What is expected:
Exactly reproduce the line containing "Free People Shea Printed Mini Dress🎁" and all later lines to the end of the entries, leaving the pictures out of your copy.

[Study material — start]

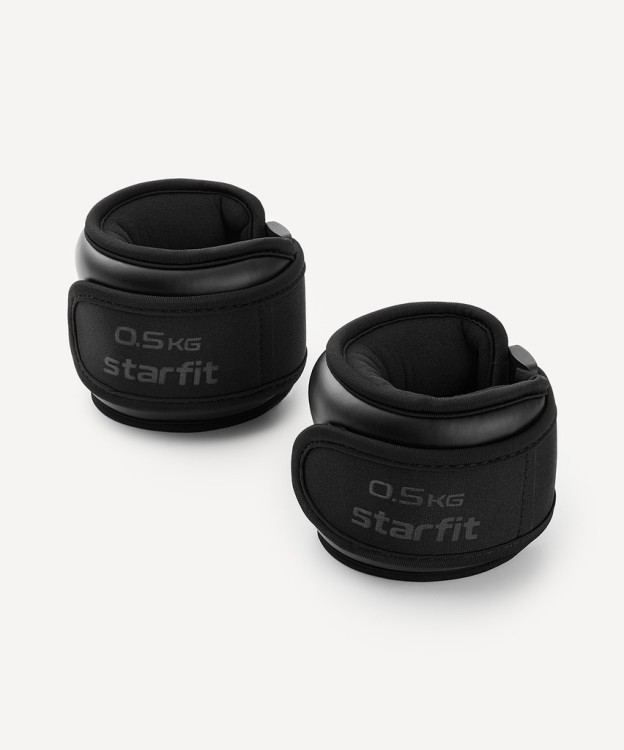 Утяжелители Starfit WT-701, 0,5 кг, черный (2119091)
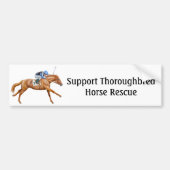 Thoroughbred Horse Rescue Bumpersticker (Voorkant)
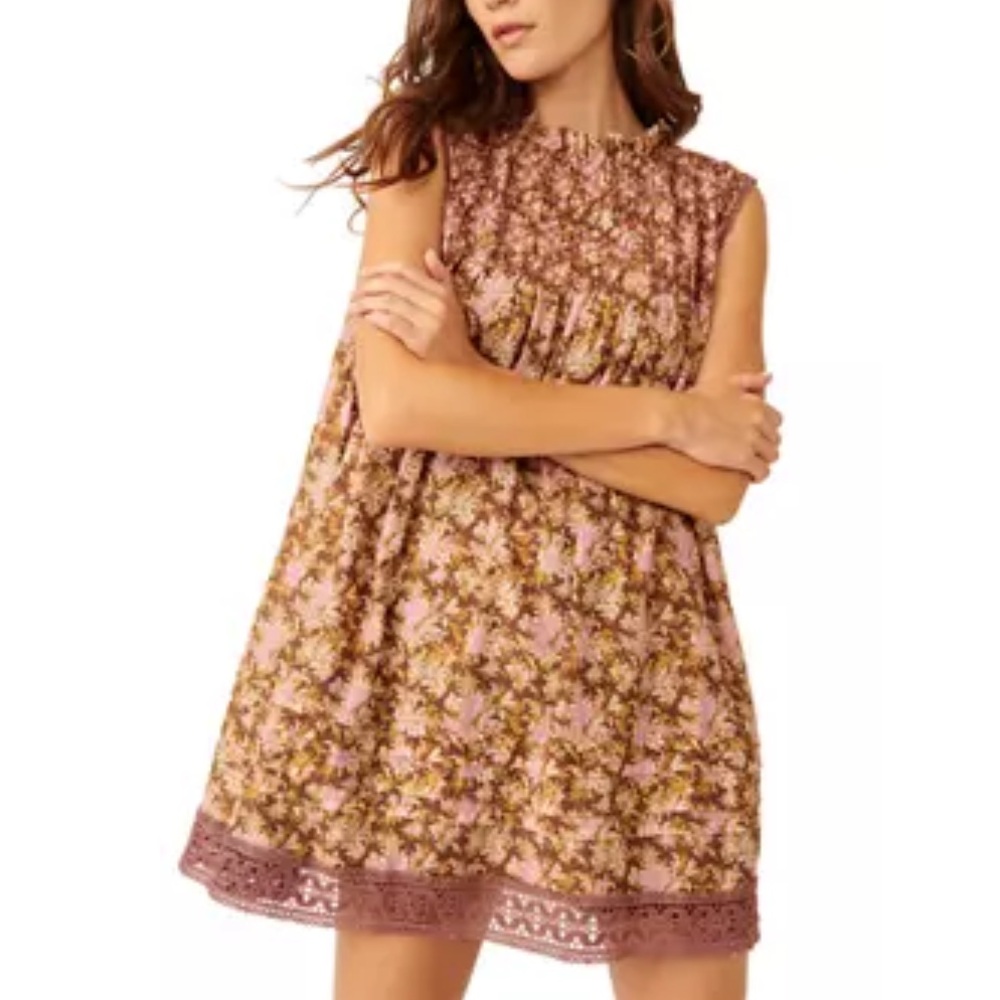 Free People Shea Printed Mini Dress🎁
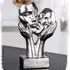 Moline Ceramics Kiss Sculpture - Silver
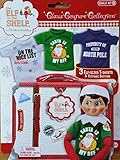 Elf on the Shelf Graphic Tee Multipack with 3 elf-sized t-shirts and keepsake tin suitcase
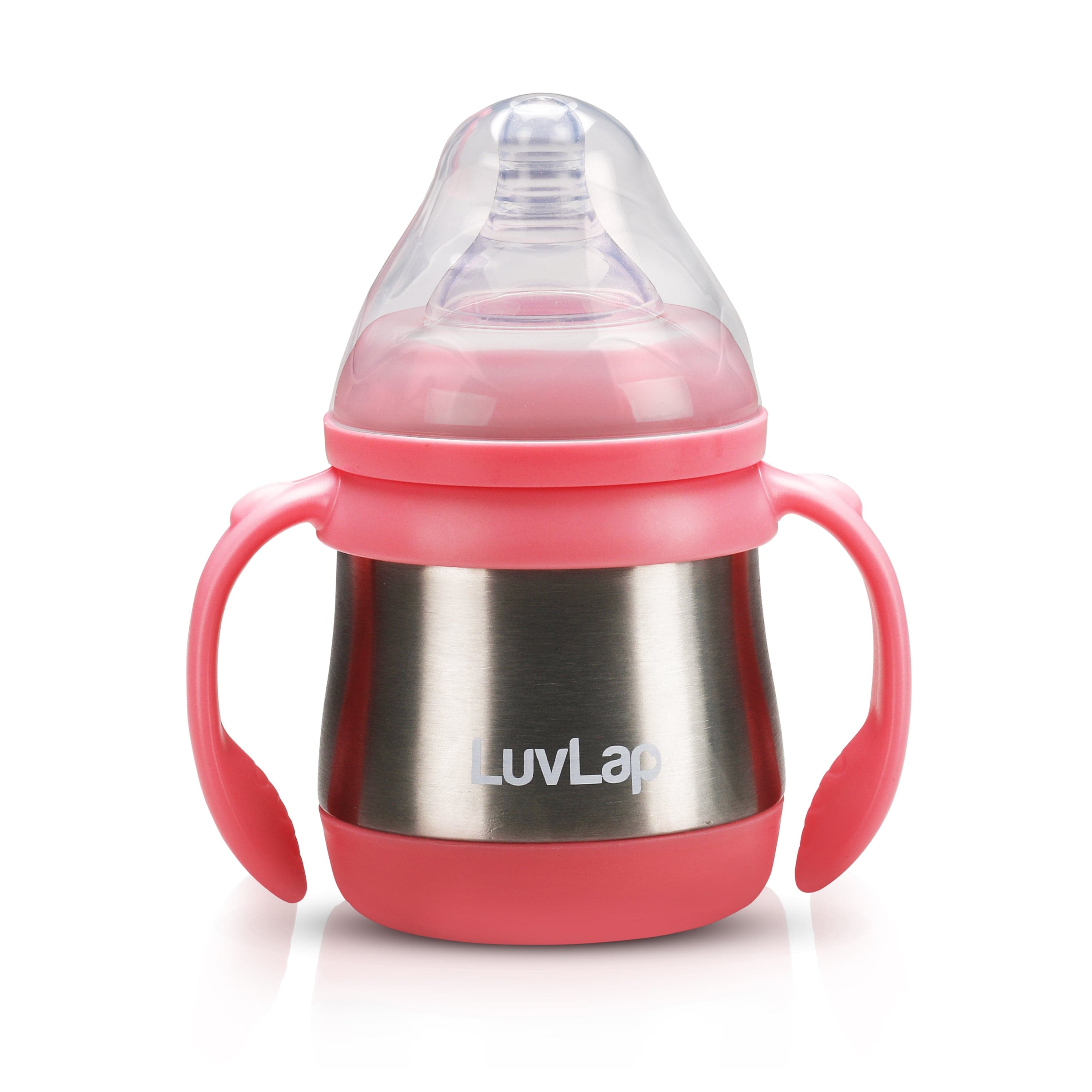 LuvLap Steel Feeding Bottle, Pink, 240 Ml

[Study material — finish]

Task solution:
 Free People Shea Printed Mini Dress🎁
 Moline Ceramics Kiss Sculpture - Silver
 Elf on the Shelf Graphic Tee Multipack with 3 elf-sized t-shirts and keepsake tin suitcase
 LuvLap Steel Feeding Bottle, Pink, 240 Ml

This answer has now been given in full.